One of the other doors to the dressing room opens and Kendall walks out fully dressed with the gown she picked out slung over her arm. It's perfect for her, and it was a unanimous vote from all of us when we saw it on her. "Okay, so basically he texted you to end things before you even made it back to Brynn's and now, he's ghosting you?" Kendall asks.
She wasn't at yesterday's Serendipity's lunch break where I filled everyone in on the events that had happened four days ago.
"That about sums it up." I tell her.
She hands her dress to the saleswoman to hold for her while she waits for Aria and me to pick out our dresses, and then takes a seat next to Penelope. "You haven't seen him at work yet?" she asks.
I pause for a second, staring back at myself, unable to think of anything else besides if this dress is enough to bring JP to his knees and realize he made a mistake. "No… I've seen him. Kind of…" I say.
"You're thinking about practice this morning, aren't you?" Brynn asks softly. I already texted her about it during my lunch break.

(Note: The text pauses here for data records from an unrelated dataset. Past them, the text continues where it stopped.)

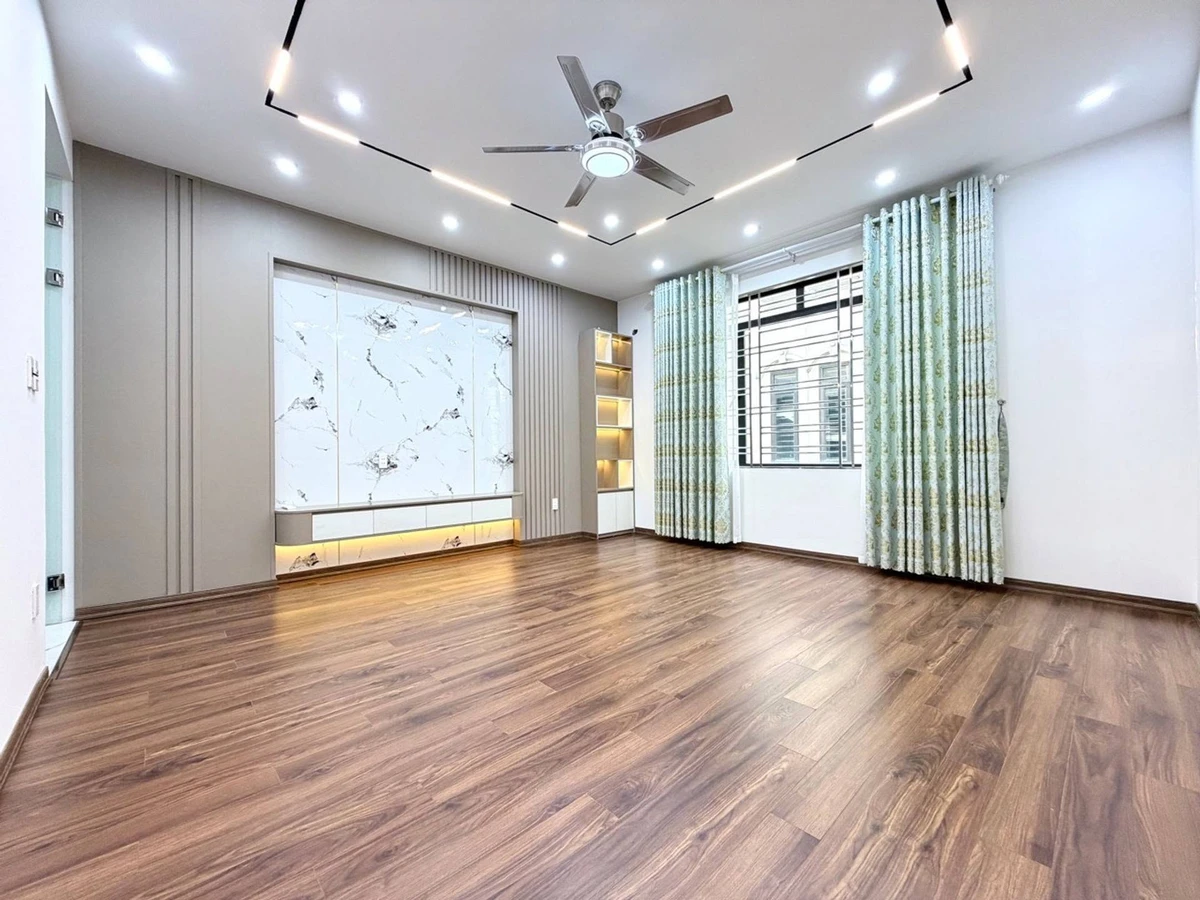 Bán nhà phố 60m2 4 tầng mặt tiền 5m Tôn Đức Thắng Quận 5 - Ảnh thu nhỏ 3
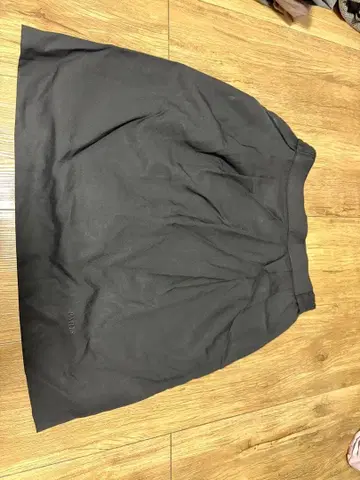 PARIS 플레어 스커트 블랙 무릎 기장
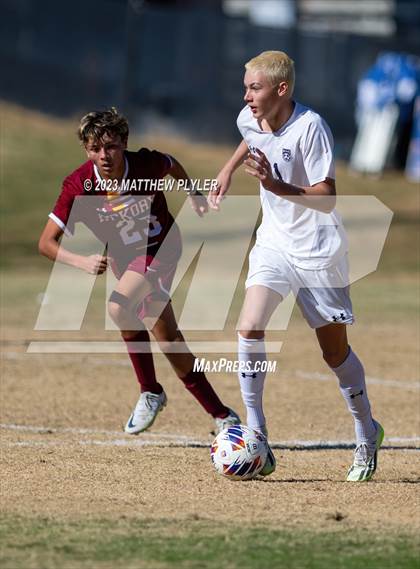 Thumbnail 1 in First Flight vs. Hickory (NCHSAA 3A Final) photogallery.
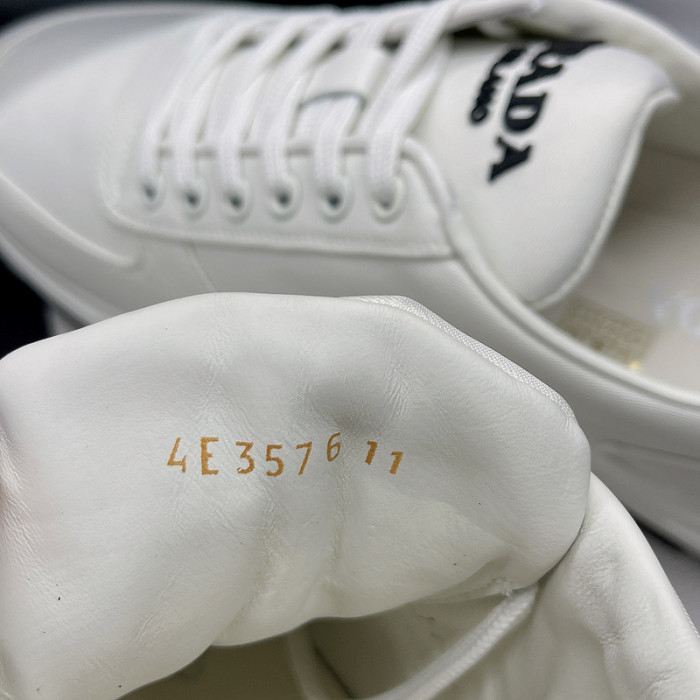 pra*a sneaker p037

I am. The memory of watching from the corporate offices as JP ran drills with Seven earlier this morning, the tension between them visible even from three stories up. Though I couldn't hear them, my dad's instructions seemed clipped, professional, but lacking their usual encouragement, and his body language seemed more rigid than usual. JP's movement almost seemed mechanical—robotic— in a way I've never seen before. Like he had no heart in practice at all. As if going through the motions, yet he was still blocking almost every shot.
"He won't even look at me. He saw me standing at the window today during practice and looked away just as quickly." I admit, the words burning my throat. "When I went down to drop off paperwork for Coach Haynes, he walked past me as if he's trying to avoid me even at work. As if I need more ways to be rejected."